Start of Block
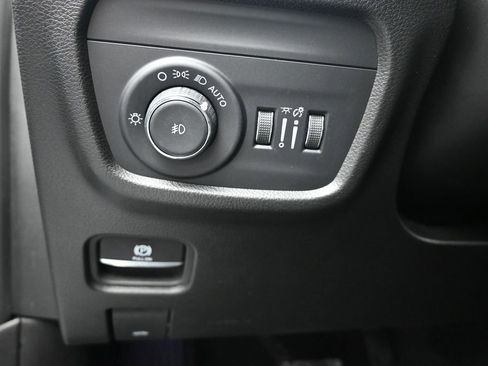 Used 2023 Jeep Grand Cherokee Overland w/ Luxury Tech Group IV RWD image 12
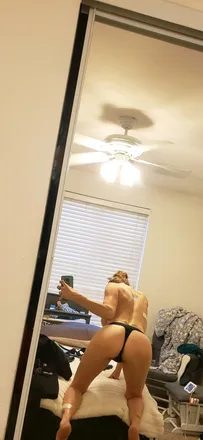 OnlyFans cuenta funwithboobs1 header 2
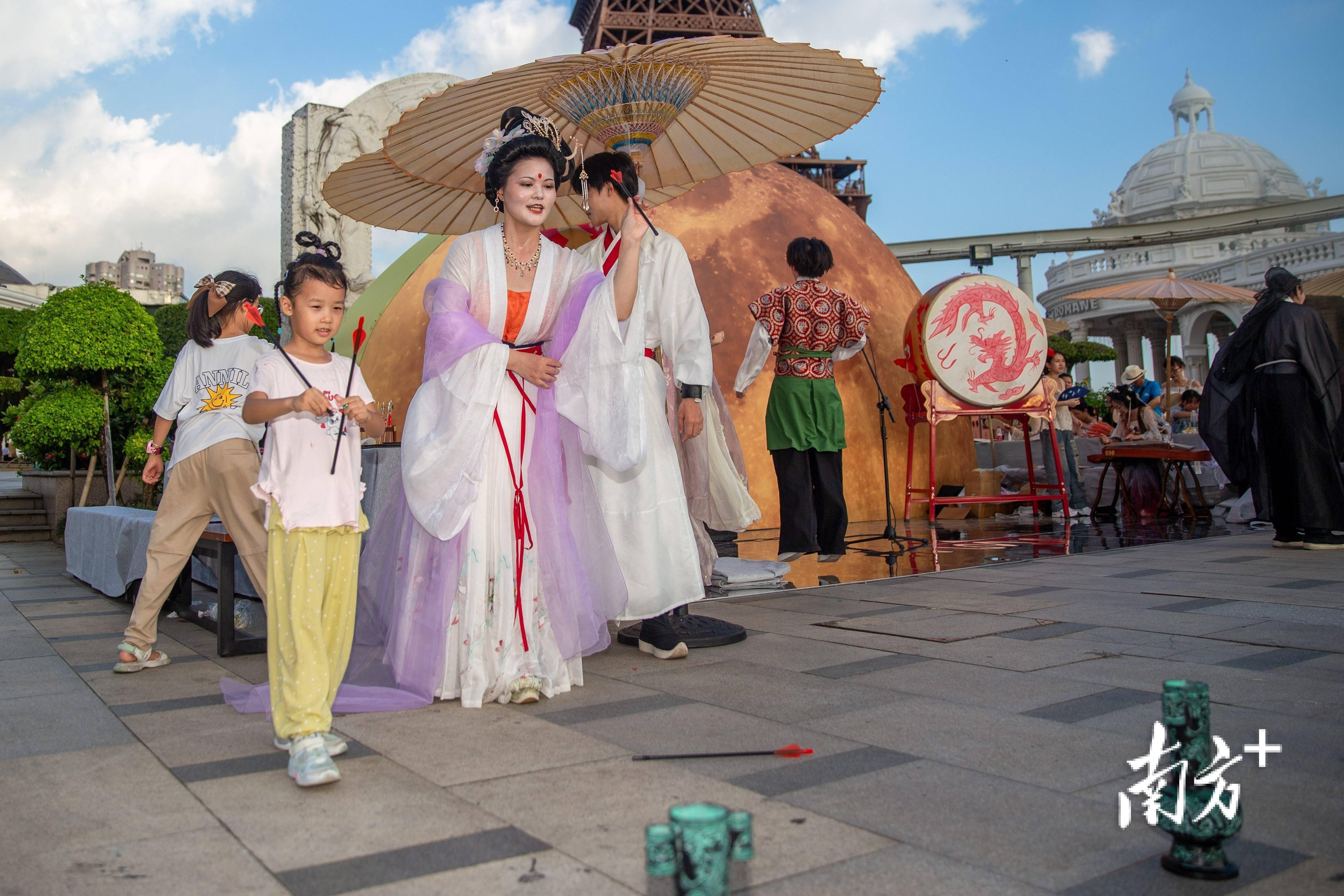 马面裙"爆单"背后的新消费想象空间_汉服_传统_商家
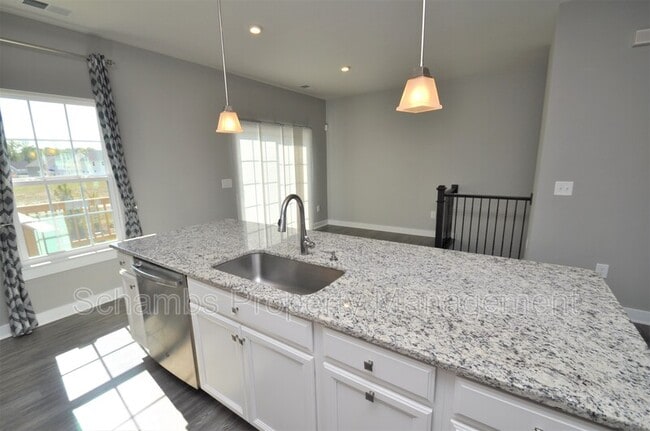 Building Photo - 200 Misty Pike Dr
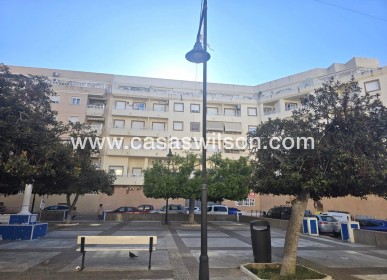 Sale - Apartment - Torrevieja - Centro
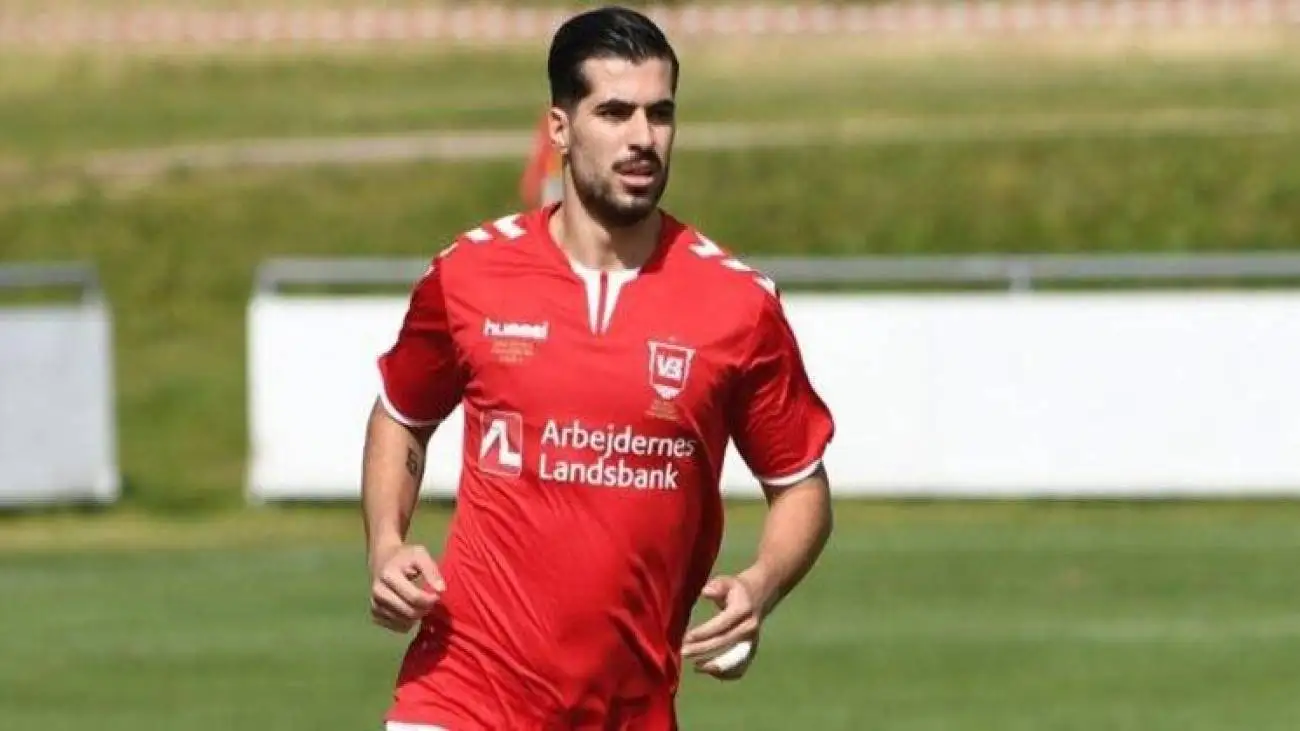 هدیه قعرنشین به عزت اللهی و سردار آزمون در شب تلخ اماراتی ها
End of Block
Exercise goal:
Pictures stay out of the answer; the rest of the listing above is returned exactly.

Your response:
 Used 2023 Jeep Grand Cherokee Overland w/ Luxury Tech Group IV RWD image 12
 OnlyFans cuenta funwithboobs1 header 2
 马面裙"爆单"背后的新消费想象空间_汉服_传统_商家
 Building Photo - 200 Misty Pike Dr
 Sale - Apartment - Torrevieja - Centro
 هدیه قعرنشین به عزت اللهی و سردار آزمون در شب تلخ اماراتی ها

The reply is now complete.